Anti-Immigrant Politics Alive and Kicking in Suburban Texas

“This sends a message loud and clear that illegal aliens are not welcome in Farmers Branch, Texas,” declared Tim O’Hare, city councilman in the Dallas suburb, after voters approved a ban on undocumented immigrants renting housing there. “We are fed up with the federal government’s inaction on immigration,” he said. “We are not going to wait. We are going to take care of it.” O’Hare began his crusade last summer against the “less desirable people” who he said “get to come over here and live like kings and queens,” and who were driving down property values and causing shopkeepers to speak Spanish, leaving “no place for people with a good income to shop.”

Farmers Branch’s ordinance is modeled on measures passed last year in Hazleton, Pennsylvania, which is waiting for a court ruling on their constitutionality.

Compared to last year’s heated immigration debate and its steady supply of headlines – ranging from the touring congressional hearings put on by Republican House members to the effects of anti-immigrant crackdowns like the one just passed in Farmers Branch – this year has been relatively calm. Supporters of comprehensive reform now control Congress, and political news has revolved around presidential candidates, with only one anti-immigrant hardliner among the many second-tier candidates. Meanwhile, both Chris Simcox’s Minuteman Civil Defense Corps and Jim Gilchrist’s Minuteman Project are facing charges of financial mismanagement.

But as the vote in Farmers Branch shows, anti-immigrant politics remain a live wire in various parts of the country.

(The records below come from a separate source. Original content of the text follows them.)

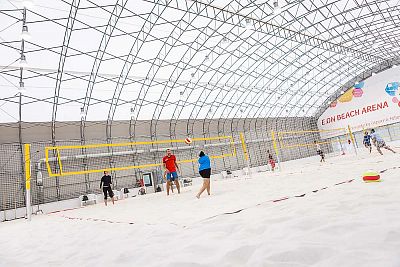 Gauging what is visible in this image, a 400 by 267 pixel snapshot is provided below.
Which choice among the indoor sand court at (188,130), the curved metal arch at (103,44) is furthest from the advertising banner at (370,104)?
the curved metal arch at (103,44)

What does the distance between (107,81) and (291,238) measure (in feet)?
61.0

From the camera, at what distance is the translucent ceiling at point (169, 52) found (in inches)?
576

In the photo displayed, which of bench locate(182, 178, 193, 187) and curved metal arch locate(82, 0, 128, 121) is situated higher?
curved metal arch locate(82, 0, 128, 121)

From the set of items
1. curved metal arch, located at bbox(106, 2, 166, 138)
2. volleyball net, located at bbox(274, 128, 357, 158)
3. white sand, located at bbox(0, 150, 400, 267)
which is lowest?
white sand, located at bbox(0, 150, 400, 267)

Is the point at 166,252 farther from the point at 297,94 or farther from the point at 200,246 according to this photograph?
the point at 297,94

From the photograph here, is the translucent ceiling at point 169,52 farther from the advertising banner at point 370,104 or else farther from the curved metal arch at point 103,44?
the advertising banner at point 370,104

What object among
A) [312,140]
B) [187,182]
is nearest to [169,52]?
[187,182]

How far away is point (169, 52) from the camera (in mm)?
18797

Meanwhile, in the Washington, D.C. suburb of Gaithersburg, Maryland, a day-laborer center was the target of a recent arson attempt. In response, local anti-immigrant group Citizens Above Party – which, we noted previously, is hardly the simple concerned-citizens operation it portrays itself as – reopened their complaints against the facility:

‘‘Why is the county executive allowing hundreds of thousands of dollars to go to a facility that does not check the backgrounds of who is coming through the back door?” said Susan Payne, founder of Citizens Above Party, a vocal opponent of the county’s policy to pay for the day-laborer centers. ‘‘We have no idea who these people are.”